Azimet: Ben kimseyi öldüremem Barış oğlum.
Barış: Ben senden bunu istemiyorum ki. Bak, biz insanlara derslerini sadece onları öldürerek değil yaşatarak da vereceğiz. Nedim Noyan ölümü hak etmedi, haklısın. Ama gel onu ölmekten beter edelim. Her şeyi zannettiği servetini elinden alalım. Yani onu öldürerek değil. Başkalarını yaşatarak alalım senin intikamını.
Sasha: 'Baby', kameraları iptal edeyim mi?
Barış: Yok. Bırak çeksinler. Haberlere çıkalım, gündem olalım. Savcı çenen kopsun! Yanlış yoldasın!
Rafi: Buyurun.
Barış: Konuştuğumuz gibi, 30 saniyeniz var. Çabuk! Her şeyi alın, her şeyi, hepsini.
Ayşe: Mücevhercinin alarmları devreye girdi.
Barış: Rafi, konuştuğumuz gibi. Siz önden. 'Baby', siz Fukara'yla taksiyle.
Sasha: Sen ne yapacaksın?
Barış: Benim ufak bir işim var, biliyorsun. 'Grande finale'.
Sasha: Gelmeyecek.
Barış: Hadi! Hadi!
Fırat: Hedef mücevherciydi. Hedef mücevherciydi, Nedim değildi ki. İntikamlarını soygunla aldılar, cinayetle değil. Mücevhercinin etrafını ablukaya alın, çabuk!
Ayşe: Abi Barış kaçıyor.
Fırat: Nasıl? Şerefsiz!
Barış: Ne olur gelmiş o Büge. Ne olur. Of!
Büge: Barış.
Barış: Bir an şüphelendiğim için kendime öyle kızdım ki. Geldin. Geldin. Çünkü sen de hâlâ beni çok seviyorsun. Sevmesen gelmezdin.

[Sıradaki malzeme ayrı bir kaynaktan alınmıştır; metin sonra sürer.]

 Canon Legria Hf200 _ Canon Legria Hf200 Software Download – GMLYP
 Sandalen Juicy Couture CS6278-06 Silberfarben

Büge: Geldim evet. Çünkü çocuğumuza yaptıklarının hesabını sormak zorundaydım. Senin ona yaşattıkların yüzünden şu an evde, babam yaşıyorsa niye beni gelmiyor diyen ve bunun için bana kızan bir çocuk var. Sen ne yapmaya çalışıyorsun? Hadi beni harcadın tamam. Kendi çocuğuna da mı hiç acımıyorsun? Sen psikopatsın Barış, tamam. Ama çocuğuna bunları yaşatacak kadar mı psikopatsın?
Barış: Bizim çocuğumuz kıyametin içine doğdu zaten. Merak etme, senden de benden de daha kuvvetli biri olacak o. Ayrıca sen Fırat'la sinemaya gidersen, ben o filmi oynatmam Büge! Onunla olan yakınlığın beni ne kadar yaralıyor, farkında değil misin sen?
Büge: Ne yaralaması be, ne yaralamasından bahsediyorsun sen? Ben burada paramparça olmuşum! Ben senin yaptıkların yüzünden bu hayatta gördüğüm küçücük bile olsa güzel bir şeyin peşinden koşmak zorundayım anlamıyor musun sen?
Barış: Sakın!
Büge: Çünkü neden biliyor musun? Benim senin gibi canım sıkılınca ölme lüksüm de yok! Benim kendimden nefret etmek gibi bir lüksüm yok! Çünkü neden biliyor musun? Benim sorumlu olduğum bir çocuğum var senin aksine!
Barış: Biliyorum sevgilim, hepsini biliyorum. O yüzden son eylememi size adadım ben.
Büge: Ne eylemi, neden bahsediyorsun sen?
Barış: Öncelikle sevilmemiş, ruhu öldürülmek üzere olup böyle gözümüzün içine bakan ama kimsenin fark etmediği çocuklar için. Sonra da o güzel kalbiyle onlar için çalışan uğraşan sevgilim için. Bu mücevherlerin sahibi bir çocuğa sırt çevirmişti. Ve şimdi senin bunları alıp, onlara götürmeni istiyorum.